In fact, Cheung adds, Pyxis finds several such placements of the nodes, some that push more computation to the database server and some that push less. “Our tool is able to dynamically switch between them based on the current load on the server,” Cheung says.
In experiments involving a standard set of simulated database transactions, Pyxis was three times as fast as a typical implementation, while cutting the bandwidth consumed almost in half. Moreover, the improvements it afforded were within a few percent of those that resulted from careful optimizations hand-coded by software engineers.
At the moment, Pyxis works with programs written in Java, which Madden says is the language favored by many commercial Web developers. But adapting it to other popular languages would require revising only the code that translates programs into graphical models; the rest of the system would remain the same.
“Usually, partitioning systems are automated, not automatic — automated in the sense that some programmer input is taken into consideration, and then the system handles some of the more difficult aspects of the partitioning process,” says Eli Tilevich, an associate professor of computer science at Virginia Tech. With Pyxis, however, “they partition things completely automatically, without requiring any user input.”
“They have an program-analysis technique, called a partition graph,” Tilevich adds, “which is an interesting innovation that has not been applied to prior systems.” And while even successful academic research projects usually require a lot of work before they’re ready for commercial implementation, Tilevich says, “their ideas, their technologies, certainly have commercial applicability.”
In ongoing work, the four researchers on the Pyxis paper are collaborating with Armand Solar-Lezama, an assistant professor of computer science and electrical engineering at MIT, to make it even easier to streamline database-dependent Web applications.

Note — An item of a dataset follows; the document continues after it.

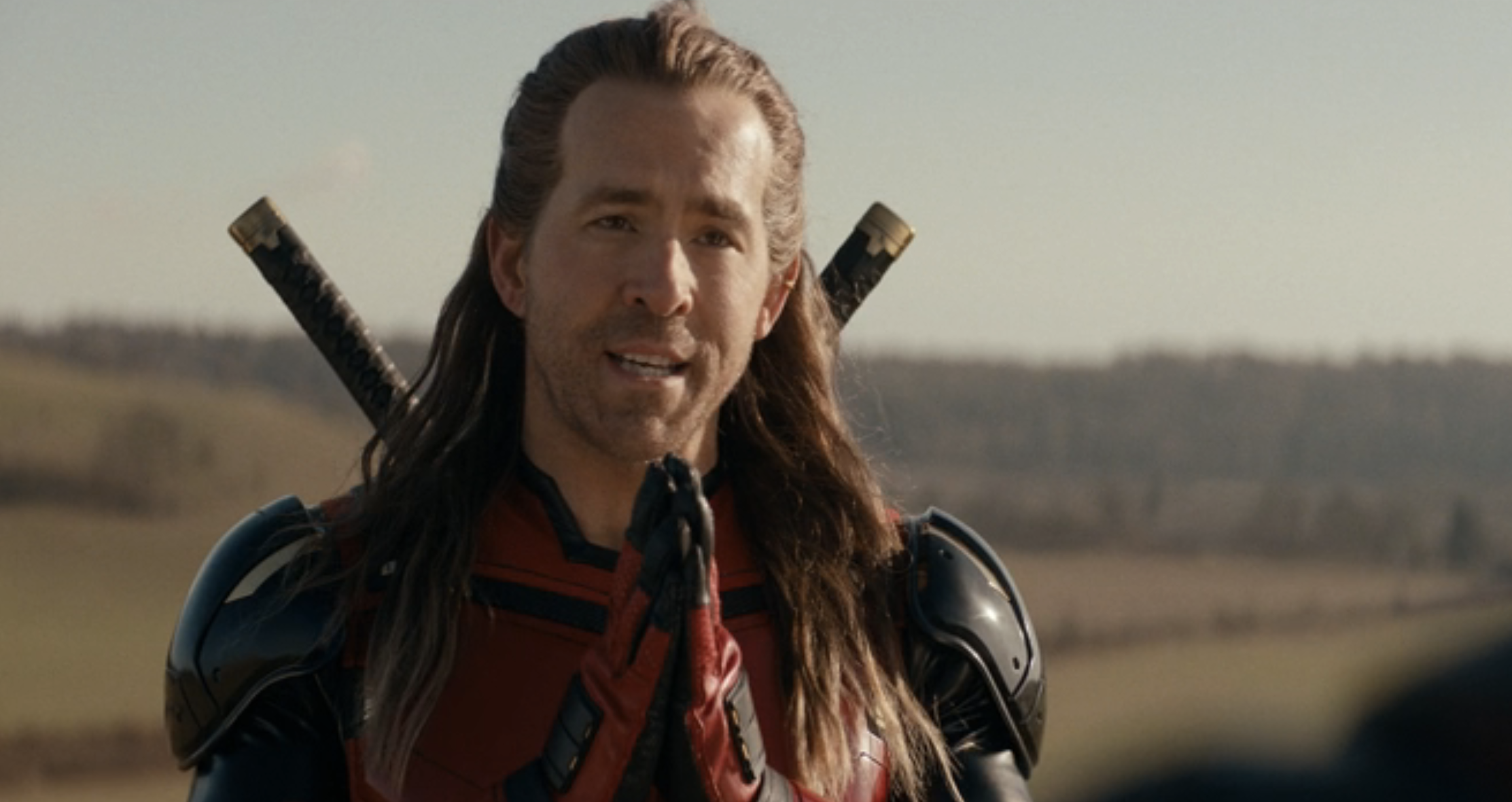 Person wearing armor with swords on their back, talking outdoors in a rural setting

Most databases are written in so-called declarative languages such as SQL, which allow programmers to issue high-level commands, such as finding the largest value of some variable, without specifying a computational approach. The database system then automatically chooses the most efficient algorithm for executing the command, depending on the data characteristics.
Web programmers who are better-versed in Java than SQL will sometimes move large batches of data from the database to the application server, only to perform operations on it that SQL would have done more efficiently anyway. The researchers are developing a system that builds on Pyxis, dubbed StatusQuo, that can identify such inefficient application logic. It then automatically converts the application code into a SQL query, which the database then executes by whatever means it deems most efficient.